La crisi è quel momento in cui il vecchio muore e il nuovo stenta a nascere. Antonio Gramsci

sabato 11 marzo 2017

Donne più libere ed eguali con il reddito di base

di Elisabetta Ambrosi
La forza del reddito di cittadinanza sta nel suo carattere universalistico: uno “zoccolo” di base per tutti, che sostenga chi non ha alcun reddito, ma anche chi lavora e non guadagna abbastanza a causa di stipendi bassi e ormai sempre più precari e saltuari. Non fa differenze tra giovani e anziani, sposati e non sposati, maschi e femmine: il reddito di cittadinanza è per tutti, il che significa che tutti possono contare su di esso come strada per tentare, ad esempio, un cambio di lavoro senza finire nella povertà, o crescere dei figli riuscendo a garantire loro una vita buona, con i giochi e gli strumenti di cui i bambini hanno naturalmente bisogno.
Ma l’universalità del reddito di cittadinanza non gli impedisce di andare a colmare alcuni divari specifici, cioè di intervenire laddove ci siano ingiustizie e dislivelli profondi: ad esempio, ancora oggi, specialmente in Italia, quelli di genere, tra uomo e donna.
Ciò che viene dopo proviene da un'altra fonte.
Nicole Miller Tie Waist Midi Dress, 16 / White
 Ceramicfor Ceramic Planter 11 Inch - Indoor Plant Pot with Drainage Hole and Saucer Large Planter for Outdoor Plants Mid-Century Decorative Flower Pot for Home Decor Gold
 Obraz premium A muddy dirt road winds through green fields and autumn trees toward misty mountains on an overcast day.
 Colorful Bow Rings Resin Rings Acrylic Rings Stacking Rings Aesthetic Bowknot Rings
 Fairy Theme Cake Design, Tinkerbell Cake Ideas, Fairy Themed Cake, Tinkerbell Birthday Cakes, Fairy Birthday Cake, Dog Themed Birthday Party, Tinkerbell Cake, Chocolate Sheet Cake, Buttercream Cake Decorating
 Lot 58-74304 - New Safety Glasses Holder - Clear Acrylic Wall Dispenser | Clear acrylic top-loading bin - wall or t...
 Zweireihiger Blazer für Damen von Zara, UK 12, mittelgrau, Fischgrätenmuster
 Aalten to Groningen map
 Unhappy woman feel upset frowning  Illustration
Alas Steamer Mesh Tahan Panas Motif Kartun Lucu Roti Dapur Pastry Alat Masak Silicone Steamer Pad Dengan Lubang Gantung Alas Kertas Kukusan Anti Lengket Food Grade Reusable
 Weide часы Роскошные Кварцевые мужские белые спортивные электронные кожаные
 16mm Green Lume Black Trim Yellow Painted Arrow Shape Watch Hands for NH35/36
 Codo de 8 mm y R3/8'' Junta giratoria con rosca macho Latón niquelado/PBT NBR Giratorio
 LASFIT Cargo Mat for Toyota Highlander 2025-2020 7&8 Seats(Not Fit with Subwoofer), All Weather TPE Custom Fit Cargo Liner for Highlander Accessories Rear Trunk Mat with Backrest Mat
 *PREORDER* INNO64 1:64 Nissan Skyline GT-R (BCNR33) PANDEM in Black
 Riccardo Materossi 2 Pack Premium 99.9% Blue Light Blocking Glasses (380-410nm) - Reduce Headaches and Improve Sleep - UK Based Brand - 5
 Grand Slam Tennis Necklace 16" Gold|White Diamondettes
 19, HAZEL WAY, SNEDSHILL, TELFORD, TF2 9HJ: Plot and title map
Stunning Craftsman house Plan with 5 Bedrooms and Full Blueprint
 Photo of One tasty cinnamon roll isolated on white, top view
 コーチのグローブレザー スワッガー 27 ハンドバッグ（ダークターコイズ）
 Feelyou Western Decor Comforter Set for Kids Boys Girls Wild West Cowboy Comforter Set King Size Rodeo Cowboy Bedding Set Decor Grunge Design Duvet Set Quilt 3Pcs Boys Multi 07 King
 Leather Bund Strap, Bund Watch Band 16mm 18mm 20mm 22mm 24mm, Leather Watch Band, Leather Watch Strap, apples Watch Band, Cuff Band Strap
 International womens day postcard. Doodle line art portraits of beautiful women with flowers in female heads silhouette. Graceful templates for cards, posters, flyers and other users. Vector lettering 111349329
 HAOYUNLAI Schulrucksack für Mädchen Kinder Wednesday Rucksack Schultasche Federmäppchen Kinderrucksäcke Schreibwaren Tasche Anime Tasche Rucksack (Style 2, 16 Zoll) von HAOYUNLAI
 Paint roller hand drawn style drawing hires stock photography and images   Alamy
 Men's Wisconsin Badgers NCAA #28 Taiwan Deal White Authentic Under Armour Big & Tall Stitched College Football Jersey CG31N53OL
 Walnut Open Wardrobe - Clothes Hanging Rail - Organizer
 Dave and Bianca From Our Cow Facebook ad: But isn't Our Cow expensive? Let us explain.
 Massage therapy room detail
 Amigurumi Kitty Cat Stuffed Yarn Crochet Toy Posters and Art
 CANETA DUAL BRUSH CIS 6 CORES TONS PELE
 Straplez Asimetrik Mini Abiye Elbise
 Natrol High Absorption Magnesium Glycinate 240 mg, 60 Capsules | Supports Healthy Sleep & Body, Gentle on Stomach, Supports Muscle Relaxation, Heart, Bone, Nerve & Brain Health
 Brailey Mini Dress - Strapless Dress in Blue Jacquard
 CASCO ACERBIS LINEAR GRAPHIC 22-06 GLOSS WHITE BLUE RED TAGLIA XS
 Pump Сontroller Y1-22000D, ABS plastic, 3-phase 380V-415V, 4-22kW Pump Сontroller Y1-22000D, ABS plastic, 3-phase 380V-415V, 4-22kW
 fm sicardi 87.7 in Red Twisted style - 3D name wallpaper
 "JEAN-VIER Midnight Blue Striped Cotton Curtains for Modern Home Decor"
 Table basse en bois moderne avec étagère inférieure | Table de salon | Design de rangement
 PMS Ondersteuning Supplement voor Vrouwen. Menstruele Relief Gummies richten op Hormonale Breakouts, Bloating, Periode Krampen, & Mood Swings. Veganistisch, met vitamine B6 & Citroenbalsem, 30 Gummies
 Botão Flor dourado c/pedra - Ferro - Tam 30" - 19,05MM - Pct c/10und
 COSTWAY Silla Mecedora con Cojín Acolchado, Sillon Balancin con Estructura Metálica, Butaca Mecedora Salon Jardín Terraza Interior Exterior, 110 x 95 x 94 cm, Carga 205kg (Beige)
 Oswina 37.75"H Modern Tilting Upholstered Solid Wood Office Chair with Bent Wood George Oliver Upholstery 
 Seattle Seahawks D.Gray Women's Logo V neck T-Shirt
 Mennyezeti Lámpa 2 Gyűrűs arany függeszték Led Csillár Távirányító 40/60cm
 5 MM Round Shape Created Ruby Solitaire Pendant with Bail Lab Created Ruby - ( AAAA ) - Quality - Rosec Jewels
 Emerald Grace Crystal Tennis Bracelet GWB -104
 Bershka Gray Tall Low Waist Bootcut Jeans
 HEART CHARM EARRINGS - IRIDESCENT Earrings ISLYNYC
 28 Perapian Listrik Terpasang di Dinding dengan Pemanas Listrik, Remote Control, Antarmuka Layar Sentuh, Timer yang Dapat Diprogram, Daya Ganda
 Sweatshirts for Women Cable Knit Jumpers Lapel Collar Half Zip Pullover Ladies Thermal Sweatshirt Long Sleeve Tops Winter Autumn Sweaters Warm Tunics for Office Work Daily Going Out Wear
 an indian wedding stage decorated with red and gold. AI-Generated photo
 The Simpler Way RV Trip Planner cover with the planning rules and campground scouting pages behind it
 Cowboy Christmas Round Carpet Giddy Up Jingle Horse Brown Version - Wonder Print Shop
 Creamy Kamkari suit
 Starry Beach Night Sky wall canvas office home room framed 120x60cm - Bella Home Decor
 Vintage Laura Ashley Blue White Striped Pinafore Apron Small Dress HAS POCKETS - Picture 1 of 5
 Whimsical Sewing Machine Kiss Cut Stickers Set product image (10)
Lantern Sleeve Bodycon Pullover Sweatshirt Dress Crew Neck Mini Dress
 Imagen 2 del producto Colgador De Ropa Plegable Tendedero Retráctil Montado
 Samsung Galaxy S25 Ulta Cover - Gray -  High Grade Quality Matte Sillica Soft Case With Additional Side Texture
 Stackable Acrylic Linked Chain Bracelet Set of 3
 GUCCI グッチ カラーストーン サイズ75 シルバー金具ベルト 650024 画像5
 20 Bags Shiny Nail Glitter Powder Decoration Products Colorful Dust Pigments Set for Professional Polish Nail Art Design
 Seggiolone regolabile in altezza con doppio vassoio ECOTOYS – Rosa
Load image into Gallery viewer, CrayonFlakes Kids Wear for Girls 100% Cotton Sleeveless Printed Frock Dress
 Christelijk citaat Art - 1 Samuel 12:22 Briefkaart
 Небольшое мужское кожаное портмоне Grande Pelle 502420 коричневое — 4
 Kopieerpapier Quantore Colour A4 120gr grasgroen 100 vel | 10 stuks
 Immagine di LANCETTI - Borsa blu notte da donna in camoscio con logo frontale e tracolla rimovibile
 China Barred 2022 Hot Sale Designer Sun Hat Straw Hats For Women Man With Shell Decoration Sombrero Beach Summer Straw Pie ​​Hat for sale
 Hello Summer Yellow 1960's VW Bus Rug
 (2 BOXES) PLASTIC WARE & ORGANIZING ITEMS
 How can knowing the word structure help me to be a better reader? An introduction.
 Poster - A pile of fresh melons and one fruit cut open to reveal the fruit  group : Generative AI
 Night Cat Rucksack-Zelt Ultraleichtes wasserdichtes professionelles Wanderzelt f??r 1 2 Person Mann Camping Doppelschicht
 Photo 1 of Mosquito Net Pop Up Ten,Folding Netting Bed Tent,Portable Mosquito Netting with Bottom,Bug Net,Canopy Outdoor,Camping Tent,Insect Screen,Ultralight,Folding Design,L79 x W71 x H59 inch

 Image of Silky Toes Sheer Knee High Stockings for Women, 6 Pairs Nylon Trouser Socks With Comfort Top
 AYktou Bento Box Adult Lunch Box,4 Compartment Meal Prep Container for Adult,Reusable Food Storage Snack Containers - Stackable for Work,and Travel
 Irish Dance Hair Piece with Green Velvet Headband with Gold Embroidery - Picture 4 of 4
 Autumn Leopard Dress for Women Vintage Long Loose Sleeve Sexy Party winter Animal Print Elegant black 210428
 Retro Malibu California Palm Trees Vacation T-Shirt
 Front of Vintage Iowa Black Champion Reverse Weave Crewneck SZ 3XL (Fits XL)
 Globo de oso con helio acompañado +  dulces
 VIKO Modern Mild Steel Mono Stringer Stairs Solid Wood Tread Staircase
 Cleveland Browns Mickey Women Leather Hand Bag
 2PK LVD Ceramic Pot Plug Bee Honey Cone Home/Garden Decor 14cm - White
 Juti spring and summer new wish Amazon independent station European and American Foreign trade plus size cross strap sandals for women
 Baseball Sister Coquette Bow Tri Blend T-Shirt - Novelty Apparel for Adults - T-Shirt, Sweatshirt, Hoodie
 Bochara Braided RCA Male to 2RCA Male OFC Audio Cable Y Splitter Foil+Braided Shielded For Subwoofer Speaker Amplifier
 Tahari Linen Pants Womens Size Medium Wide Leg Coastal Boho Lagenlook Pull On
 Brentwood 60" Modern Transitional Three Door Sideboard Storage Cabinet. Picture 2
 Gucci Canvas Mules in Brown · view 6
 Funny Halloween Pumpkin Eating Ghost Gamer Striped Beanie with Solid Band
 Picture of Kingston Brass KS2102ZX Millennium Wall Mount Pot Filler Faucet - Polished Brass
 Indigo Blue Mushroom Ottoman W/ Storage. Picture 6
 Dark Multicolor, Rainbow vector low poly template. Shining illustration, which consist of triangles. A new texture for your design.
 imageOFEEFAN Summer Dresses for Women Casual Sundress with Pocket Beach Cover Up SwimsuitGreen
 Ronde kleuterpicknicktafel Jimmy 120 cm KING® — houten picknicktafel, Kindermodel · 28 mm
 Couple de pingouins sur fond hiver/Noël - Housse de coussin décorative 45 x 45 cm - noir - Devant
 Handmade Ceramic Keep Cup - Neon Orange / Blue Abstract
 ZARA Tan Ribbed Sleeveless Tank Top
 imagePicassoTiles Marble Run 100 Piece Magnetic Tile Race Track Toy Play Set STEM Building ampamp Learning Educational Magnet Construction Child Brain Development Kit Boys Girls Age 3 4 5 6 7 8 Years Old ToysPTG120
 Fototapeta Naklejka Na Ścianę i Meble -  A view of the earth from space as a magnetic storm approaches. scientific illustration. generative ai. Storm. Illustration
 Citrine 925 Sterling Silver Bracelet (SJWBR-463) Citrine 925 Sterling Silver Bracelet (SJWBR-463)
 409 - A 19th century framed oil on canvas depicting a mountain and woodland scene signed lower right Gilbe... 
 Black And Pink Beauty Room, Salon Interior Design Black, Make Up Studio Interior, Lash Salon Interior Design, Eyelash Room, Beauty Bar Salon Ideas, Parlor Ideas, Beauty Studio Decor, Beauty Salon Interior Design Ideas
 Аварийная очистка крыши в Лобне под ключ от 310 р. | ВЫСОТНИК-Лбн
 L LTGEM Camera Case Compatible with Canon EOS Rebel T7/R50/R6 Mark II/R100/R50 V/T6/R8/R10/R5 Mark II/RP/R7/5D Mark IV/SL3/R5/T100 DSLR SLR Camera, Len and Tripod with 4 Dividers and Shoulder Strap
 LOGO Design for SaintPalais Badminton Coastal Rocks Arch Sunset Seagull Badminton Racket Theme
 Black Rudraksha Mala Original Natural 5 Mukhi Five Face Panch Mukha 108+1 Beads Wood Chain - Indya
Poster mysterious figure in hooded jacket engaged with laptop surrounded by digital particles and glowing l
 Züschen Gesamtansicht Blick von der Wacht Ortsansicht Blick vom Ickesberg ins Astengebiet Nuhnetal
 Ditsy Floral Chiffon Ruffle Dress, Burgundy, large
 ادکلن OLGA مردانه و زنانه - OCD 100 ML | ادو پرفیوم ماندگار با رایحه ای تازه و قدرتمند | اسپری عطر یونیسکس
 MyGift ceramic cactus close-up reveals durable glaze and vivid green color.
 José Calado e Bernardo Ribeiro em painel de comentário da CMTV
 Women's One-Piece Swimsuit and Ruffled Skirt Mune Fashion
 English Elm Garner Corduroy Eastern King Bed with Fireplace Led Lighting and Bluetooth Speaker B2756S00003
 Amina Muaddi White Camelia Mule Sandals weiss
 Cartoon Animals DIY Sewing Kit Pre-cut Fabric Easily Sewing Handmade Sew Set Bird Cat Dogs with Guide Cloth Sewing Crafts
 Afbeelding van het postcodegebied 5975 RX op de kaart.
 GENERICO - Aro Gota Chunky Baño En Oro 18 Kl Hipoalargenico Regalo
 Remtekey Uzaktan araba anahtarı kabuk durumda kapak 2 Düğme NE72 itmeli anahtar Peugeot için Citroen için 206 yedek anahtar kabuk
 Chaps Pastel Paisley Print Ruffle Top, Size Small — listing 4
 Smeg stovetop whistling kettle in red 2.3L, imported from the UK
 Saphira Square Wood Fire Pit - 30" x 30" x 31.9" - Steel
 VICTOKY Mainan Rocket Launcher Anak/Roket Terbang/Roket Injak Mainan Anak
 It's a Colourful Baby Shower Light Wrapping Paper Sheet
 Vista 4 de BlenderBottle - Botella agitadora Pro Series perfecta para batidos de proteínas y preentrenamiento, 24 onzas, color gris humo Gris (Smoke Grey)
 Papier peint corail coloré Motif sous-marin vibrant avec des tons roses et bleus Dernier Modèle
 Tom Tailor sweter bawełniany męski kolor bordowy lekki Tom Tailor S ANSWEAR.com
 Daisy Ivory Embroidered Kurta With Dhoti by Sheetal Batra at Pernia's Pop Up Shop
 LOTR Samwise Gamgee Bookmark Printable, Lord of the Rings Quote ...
In questo senso, il reddito di cittadinanza si configura come uno strumento formidabile per rendere le donne un po’ più uguali agli uomini. E dunque più libere di fare scelte consone ai loro desideri e aspirazioni, cosa che oggi non avviene, visto che le donne del nostro paese, come indicano molte statistiche sulla felicità del genere femminile nei singoli paesi, sono tra le ultime nella scala della soddisfazione delle singole vite. 
Più precarie, e povere, fin da subito
Ma in che modo l’introduzione del reddito di cittadinanza aiuterebbe in maniera specifica le donne ad essere meno oppresse, a poter alzare gli occhi più in alto di quanto oggi non facciano? Le diseguaglianze cominciano presto. Già dopo la laurea, basta consultare i dati che Almalaurea produce ciclicamente, le donne – che si laureano con voti più alti e in tempo più breve - guadagnano molto meno degli uomini. E questo anche a parità di titolo di studio e di mansioni, non tanto, dunque, perché tendano, tra l’altro oggi sempre meno, a scegliere facoltà umanistiche invece che scientifiche. Non solo. La precarietà, che oggi colpisce i giovani indistintamente, falcidia le donne in misura maggiore.
Sono loro a “scegliere” in massa contratti part time, sono loro ad avere (anzi subire) in maggioranza contratti atipici, ovvero flessibili senza alcuna tutela, fintamente “family friendly”, quando in realtà le costringono a lavorare per cifre miserevoli, nella maggior parte dei casi inferiori ai 10.000 euro l’anno.